Es lo que había correspondido que se hiciera antes de que se tomara como una curiosa cultura vernácula, tan llamativa para no pocos extranjeros, la de apalear como fuere a una ciudad de reconocida belleza en el mundo. A quienes se dicen escandalizados porque se evite con la intervención de la fuerza pública la depredación de cualquier índole de los bienes de la ciudad hay que contestarles de frente. “Nadie hurga por placer en los contenedores”, como dicen, es una verdad de Perogrullo que esconde su espíritu demagógico. Olvida, con ese criterio ladino de cinismo, que también podría hurgarse en el propio domicilio del dicente por la excusa que fuere.

Si se quiere instalar una controversia sobre el caso, es más lógico hacerlo a través de la indagación de si el gobierno porteño se halla tan seguro de que lograrán sus anuncios punitivos la efectividad que termine por justificarlos, en lugar de colocar a la autoridad en el eventual papel absurdo de la desautorización a vista y conocimiento de todos. Si así ocurriere, ¿ha pensado el señor Macri cuál ha de ser el próximo paso?

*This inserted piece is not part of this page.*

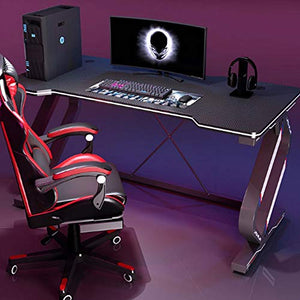 FEILA Gaming Desk 55inches PC Computer Desk, Home Office Desk Gaming Table Curved Shaped Gamer Workstation with Cup Holder and Headphone Hook, High-end Enjoyment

Normas de la naturaleza invocada por el jefe del gobierno porteño deben estar acompañadas por una política consistente de docencia sobre lo que significa el cuidado de los bienes públicos y de la consideración que se deben dispensar unos a otros entre quienes habitan la ciudad en la que se mueven a diario más de 8000 toneladas de residuos. Ni qué decir que eso vale también para el país, en cuyo territorio se “gestionan”, por decirlo en la nomenclatura de los especialistas, unas 50.000 o 60.000 toneladas de basura cada veinticuatro horas.

Han hecho bien las autoridades de la ciudad de advertir que las sanciones por aplicar a quienes desoigan los llamados policiales a rectificar actitudes contra la sanidad y la pulcritud públicas se potenciarán si los hechos descalificados ocurren frente a monumentos, templos religiosos o estaciones de transporte. Se espera, además, que las autoridades trabajen con ahínco en la multiplicación de los contenedores llamados antivandálicos, instalados desde enero: actúan como buzones, de los que no se puede extraer lo que se ha puesto allí. Hasta el momento son pocas esas piezas, seguramente porque se las ha llevado a las calles en carácter experimental.

En tiempos propicios para el populismo de derecha surgen políticos que descreen del principio de igualdad de oportunidades a pesar de que se halla establecido en la Constitución que nos rige desde 1953/60. Acepten o no ese principio habrá que bregar, al menos de nuestra parte, en defensa de los ideales irrenunciables involucrados. De tal modo se llevarán a todos los rincones del país los beneficios de la educación popular, cuya carencia está en los orígenes de la cuestión que hemos tratado con absoluta franqueza, pero con la sensibilidad suficiente como para comprender, y exigir, políticas productivas y de empleo que aseguren el grado de desarrollo humano que otros desvaríos, los del populismo de izquierda en este caso, han frustrado a la Argentina desde hace largo tiempo.